Reviewed by Jim Schuyler
★★★★★   Date Added: Tuesday 29 November, 2005

"Sealed Mysteries of Pocket - Magic by Jean Hugard" was an interesting down load.

Every item in the booklet has been a long-standing friend of mine. The routine as given is a nice, trouble free one, and a (just about) sleight free one.

However, I don't believe that the booklet was written in the 1930's. I think it probably was written in the 1950's by Julien J. Proskauer as a "tribute" to his teacher, Jean Hugard. It may also have been written with the idea that funds derived from the sale of the booklet would go to Jean Hugard to "help him out". As I remember it, Jean Hugard was blind and not too well off toward the end of his life. The booklet was probably never really put on the market because there may have been some "property" rights in dispute about the tricks contained in the routine.

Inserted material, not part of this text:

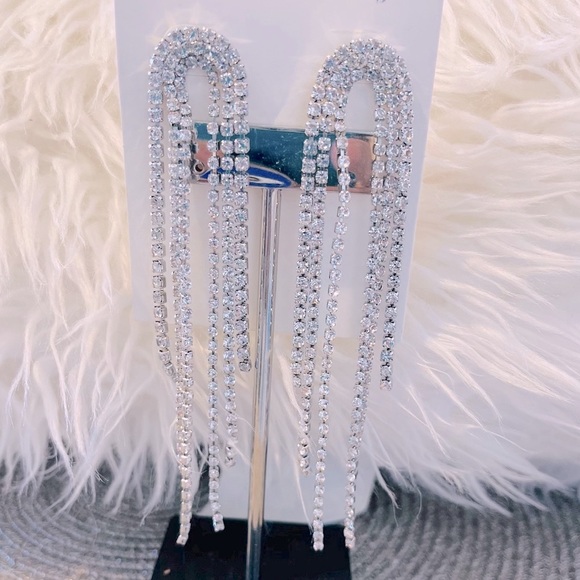 Anthropologie Jewelry - Crystal white post earrings. Sparkle is illuminating. ⭐️⭐️🤍🤍NWT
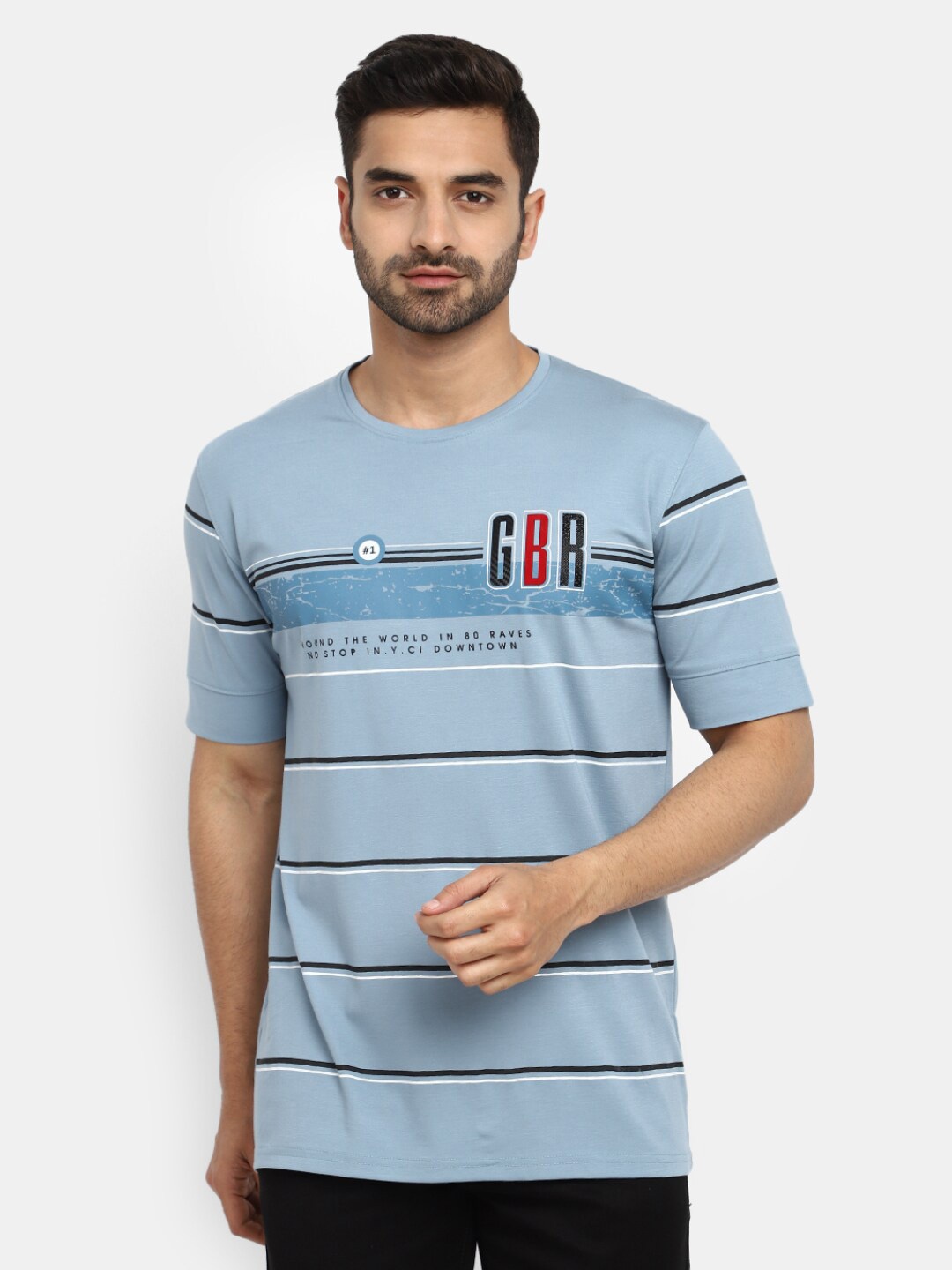 

V-Mart Striped Round Neck Cotton T-shirt, Blue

If Jean Hugard had had an idea in the 1930's that routining of tricks was something that was really needed by the amatuer magicians, he would have concentrated on writing routines such as the one in this booklet. He would not have published one booklet and then dropped the subject. His Hugard's Magic Monthly Magazine is full of nice tricks, but I don't recall that it had a lot of routining with different objects in it. I think that Mr. Proskauer did not remember his association and talks with Jean Hugard too well when he wrote "For years, Jean Hugard and the undersigned (one of his humble pupils) have discussed the necessity of putting before the amateurs a complete routined magical act." As I remember it, Jean Hugard was a super teacher of magic tricks and he would not have talked for years... he would have done it!

The piano card trick is a fine old effect, pretty much public domain at the time this booklet was written.

The rope from the card case was an item from a Milbourne Christopher booklet, not credited to Christopher.

The rope cutting routine is the Panama Rope Trick by Ted Collins, not credited to Collins.

The Chefalo knot at the end of the routine was the invention of a European street performer named Chefalo. It was not credited.

I don't think that the Cords of Phantasia was invented by Jean Hugard. But there is no mention of where this marvelous trick came from. I don't think the use of a cigar rather than a chopstick or a magic wand is an improvement to this trick.

Jean Hugard would certainly have mentioned where the tricks in his routine came from if he had actually written the booklet.

I am quite sure that Christopher and Collins would have raised some hell if the booklet was placed on sale as written.

Having said all that, I still like every item in the routine and I am going to do it as written to see if Mr. Proskauer had a good idea or not.